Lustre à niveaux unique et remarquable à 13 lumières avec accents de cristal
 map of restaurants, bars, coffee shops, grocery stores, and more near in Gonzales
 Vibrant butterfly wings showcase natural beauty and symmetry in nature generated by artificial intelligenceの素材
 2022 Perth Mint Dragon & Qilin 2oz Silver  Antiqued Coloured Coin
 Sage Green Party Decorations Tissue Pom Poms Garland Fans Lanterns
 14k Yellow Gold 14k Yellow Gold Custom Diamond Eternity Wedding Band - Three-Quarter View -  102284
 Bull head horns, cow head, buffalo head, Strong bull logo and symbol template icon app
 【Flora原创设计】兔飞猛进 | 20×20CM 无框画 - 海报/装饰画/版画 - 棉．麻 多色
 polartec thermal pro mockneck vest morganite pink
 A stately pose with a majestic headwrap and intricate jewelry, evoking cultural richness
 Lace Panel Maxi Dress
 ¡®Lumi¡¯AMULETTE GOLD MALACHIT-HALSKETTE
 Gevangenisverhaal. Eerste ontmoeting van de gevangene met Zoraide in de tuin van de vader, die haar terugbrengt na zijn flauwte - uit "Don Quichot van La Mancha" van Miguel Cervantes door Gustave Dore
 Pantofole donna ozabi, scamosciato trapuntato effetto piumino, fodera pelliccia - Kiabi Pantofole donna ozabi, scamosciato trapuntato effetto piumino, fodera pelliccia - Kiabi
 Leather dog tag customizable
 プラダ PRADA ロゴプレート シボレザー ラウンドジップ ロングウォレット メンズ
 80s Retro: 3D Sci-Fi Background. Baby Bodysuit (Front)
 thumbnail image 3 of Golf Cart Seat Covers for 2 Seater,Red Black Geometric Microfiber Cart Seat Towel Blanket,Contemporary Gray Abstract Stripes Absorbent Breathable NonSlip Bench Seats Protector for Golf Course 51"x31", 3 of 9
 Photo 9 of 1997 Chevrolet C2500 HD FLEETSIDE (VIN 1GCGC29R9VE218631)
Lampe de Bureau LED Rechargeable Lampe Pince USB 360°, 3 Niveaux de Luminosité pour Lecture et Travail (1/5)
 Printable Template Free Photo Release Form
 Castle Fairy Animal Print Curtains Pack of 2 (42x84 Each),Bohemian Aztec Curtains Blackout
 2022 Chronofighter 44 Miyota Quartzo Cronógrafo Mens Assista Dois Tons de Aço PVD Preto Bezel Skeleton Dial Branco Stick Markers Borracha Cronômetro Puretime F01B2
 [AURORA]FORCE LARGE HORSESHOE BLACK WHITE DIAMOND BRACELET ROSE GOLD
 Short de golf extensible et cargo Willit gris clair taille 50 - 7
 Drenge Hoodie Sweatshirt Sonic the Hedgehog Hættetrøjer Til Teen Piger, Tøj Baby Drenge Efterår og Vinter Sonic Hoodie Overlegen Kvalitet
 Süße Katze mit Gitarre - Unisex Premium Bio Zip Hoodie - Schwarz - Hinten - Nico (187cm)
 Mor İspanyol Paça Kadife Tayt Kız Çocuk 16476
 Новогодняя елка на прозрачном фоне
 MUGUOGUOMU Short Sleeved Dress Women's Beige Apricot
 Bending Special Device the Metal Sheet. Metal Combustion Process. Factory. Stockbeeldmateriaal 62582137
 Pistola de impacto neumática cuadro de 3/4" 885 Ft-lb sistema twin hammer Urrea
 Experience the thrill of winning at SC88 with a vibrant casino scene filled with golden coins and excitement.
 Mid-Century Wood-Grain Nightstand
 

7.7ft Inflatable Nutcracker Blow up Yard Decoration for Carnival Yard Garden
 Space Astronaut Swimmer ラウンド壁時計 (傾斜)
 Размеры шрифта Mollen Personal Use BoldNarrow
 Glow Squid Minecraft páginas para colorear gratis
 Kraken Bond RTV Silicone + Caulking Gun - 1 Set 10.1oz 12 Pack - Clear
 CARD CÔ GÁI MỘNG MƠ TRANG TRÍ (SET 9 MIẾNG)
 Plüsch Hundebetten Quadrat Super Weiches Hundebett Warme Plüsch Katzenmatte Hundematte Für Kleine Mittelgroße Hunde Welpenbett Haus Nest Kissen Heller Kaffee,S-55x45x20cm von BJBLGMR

■ ■ ■ ■ ■ ■ ■

### Your instructions
All the entries above need to be repeated word for word.

### Task result
Lustre à niveaux unique et remarquable à 13 lumières avec accents de cristal
 map of restaurants, bars, coffee shops, grocery stores, and more near in Gonzales
 Vibrant butterfly wings showcase natural beauty and symmetry in nature generated by artificial intelligenceの素材
 2022 Perth Mint Dragon & Qilin 2oz Silver  Antiqued Coloured Coin
 Sage Green Party Decorations Tissue Pom Poms Garland Fans Lanterns
 14k Yellow Gold 14k Yellow Gold Custom Diamond Eternity Wedding Band - Three-Quarter View -  102284
 Bull head horns, cow head, buffalo head, Strong bull logo and symbol template icon app
 【Flora原创设计】兔飞猛进 | 20×20CM 无框画 - 海报/装饰画/版画 - 棉．麻 多色
 polartec thermal pro mockneck vest morganite pink
 A stately pose with a majestic headwrap and intricate jewelry, evoking cultural richness
 Lace Panel Maxi Dress
 ¡®Lumi¡¯AMULETTE GOLD MALACHIT-HALSKETTE
 Gevangenisverhaal. Eerste ontmoeting van de gevangene met Zoraide in de tuin van de vader, die haar terugbrengt na zijn flauwte - uit "Don Quichot van La Mancha" van Miguel Cervantes door Gustave Dore
 Pantofole donna ozabi, scamosciato trapuntato effetto piumino, fodera pelliccia - Kiabi Pantofole donna ozabi, scamosciato trapuntato effetto piumino, fodera pelliccia - Kiabi
 Leather dog tag customizable
 プラダ PRADA ロゴプレート シボレザー ラウンドジップ ロングウォレット メンズ
 80s Retro: 3D Sci-Fi Background. Baby Bodysuit (Front)
 thumbnail image 3 of Golf Cart Seat Covers for 2 Seater,Red Black Geometric Microfiber Cart Seat Towel Blanket,Contemporary Gray Abstract Stripes Absorbent Breathable NonSlip Bench Seats Protector for Golf Course 51"x31", 3 of 9
 Photo 9 of 1997 Chevrolet C2500 HD FLEETSIDE (VIN 1GCGC29R9VE218631)
Lampe de Bureau LED Rechargeable Lampe Pince USB 360°, 3 Niveaux de Luminosité pour Lecture et Travail (1/5)
 Printable Template Free Photo Release Form
 Castle Fairy Animal Print Curtains Pack of 2 (42x84 Each),Bohemian Aztec Curtains Blackout
 2022 Chronofighter 44 Miyota Quartzo Cronógrafo Mens Assista Dois Tons de Aço PVD Preto Bezel Skeleton Dial Branco Stick Markers Borracha Cronômetro Puretime F01B2
 [AURORA]FORCE LARGE HORSESHOE BLACK WHITE DIAMOND BRACELET ROSE GOLD
 Short de golf extensible et cargo Willit gris clair taille 50 - 7
 Drenge Hoodie Sweatshirt Sonic the Hedgehog Hættetrøjer Til Teen Piger, Tøj Baby Drenge Efterår og Vinter Sonic Hoodie Overlegen Kvalitet
 Süße Katze mit Gitarre - Unisex Premium Bio Zip Hoodie - Schwarz - Hinten - Nico (187cm)
 Mor İspanyol Paça Kadife Tayt Kız Çocuk 16476
 Новогодняя елка на прозрачном фоне
 MUGUOGUOMU Short Sleeved Dress Women's Beige Apricot
 Bending Special Device the Metal Sheet. Metal Combustion Process. Factory. Stockbeeldmateriaal 62582137
 Pistola de impacto neumática cuadro de 3/4" 885 Ft-lb sistema twin hammer Urrea
 Experience the thrill of winning at SC88 with a vibrant casino scene filled with golden coins and excitement.
 Mid-Century Wood-Grain Nightstand
 

7.7ft Inflatable Nutcracker Blow up Yard Decoration for Carnival Yard Garden
 Space Astronaut Swimmer ラウンド壁時計 (傾斜)
 Размеры шрифта Mollen Personal Use BoldNarrow
 Glow Squid Minecraft páginas para colorear gratis
 Kraken Bond RTV Silicone + Caulking Gun - 1 Set 10.1oz 12 Pack - Clear
 CARD CÔ GÁI MỘNG MƠ TRANG TRÍ (SET 9 MIẾNG)
 Plüsch Hundebetten Quadrat Super Weiches Hundebett Warme Plüsch Katzenmatte Hundematte Für Kleine Mittelgroße Hunde Welpenbett Haus Nest Kissen Heller Kaffee,S-55x45x20cm von BJBLGMR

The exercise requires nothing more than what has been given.